Community / Spirituality

Church centered, not church occupied

Church centered, not church occupied
I don’t want to be misunderstood here. I am not saying that church membership is optional for the Christian, or is of less importance than our own individualized walk with God. I agree with Cyprian (200/210-258) who said that an individual “cannot have God for his Father who has not the Church for his mother.” If we read the New Testament and miss this it means we are reading through lens molded by the individualism of our modern era.

What I mean to say here is that though we must be church centered (seeing it as essential to faith) we must not be church occupied. I am using the second term the way Dick Keyes does when he says that Christian tribalism occurs from “a church having so many weekly meetings that its members have little or no free time. Members are unable to relate to those outside of their fellowship group because they lead a church-occupied life… What is Christian tribalism? Put simply, it is having little voluntary association with those who are not Christians, whether in recreation, social life, or friendship.”

I remember back in the sixties, Paul Little of InterVarsity was fond of saying that Christians should always have at least two people in their life who were not Christians that they were praying for by name and with whom they had a growing, ever-deepening friendship. It was good advice.

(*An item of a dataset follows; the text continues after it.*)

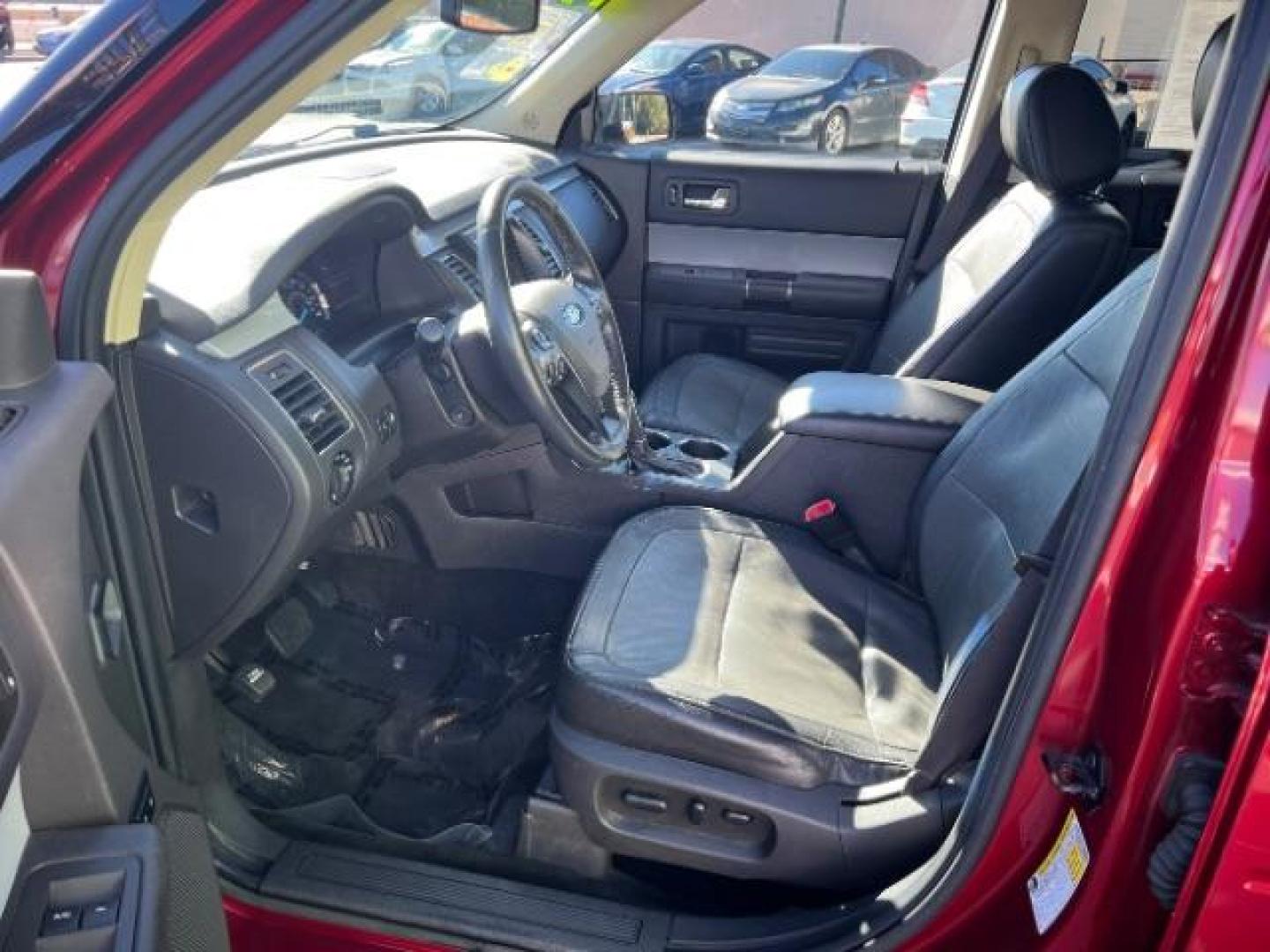 2014 Ruby Red Met Tinted CC /Charcoal Black Ford Flex SEL FWD (2FMGK5C84EB) with an 3.5L V6 DOHC 24V engine, 6-Speed Automatic Overdrive transmission, located at 940 North Main Street, Cedar City, UT, 84720, (435) 628-0023, 37.692936, -113.061897 - We specialize in helping ALL people get the best financing available. No matter your credit score, good, bad or none we can get you an amazing rate. Had a bankruptcy, divorce, or repossessions? We give you the green light to get your credit back on the road. Low down and affordable payments that fit - Photo#14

The point is not guilt, for goodness sake. We’ll all have times when we can’t name two, because life is fluid, people move, and circumstances change. The point is to begin. By faith praying for friendships; by faith rearranging priorities and commitments so it is possible; by faith being someone who listens, asks questions, and gives the grace of hospitality and unhurried time; by faith being willing to learn and say I don’t know; by faith walking in a fallen world like Jesus did, without defensiveness and interested in everything because Christ is Lord of all.

Busyness in good things, including church things, is not always good. There is, after all, a tyranny of the urgent that can keep us from what is truly important.

Margie and I find that we have to revisit our priorities every few months or things slide out of kilter. Knowing the difference between being church centered and church occupied—and living it out—is one part of that process.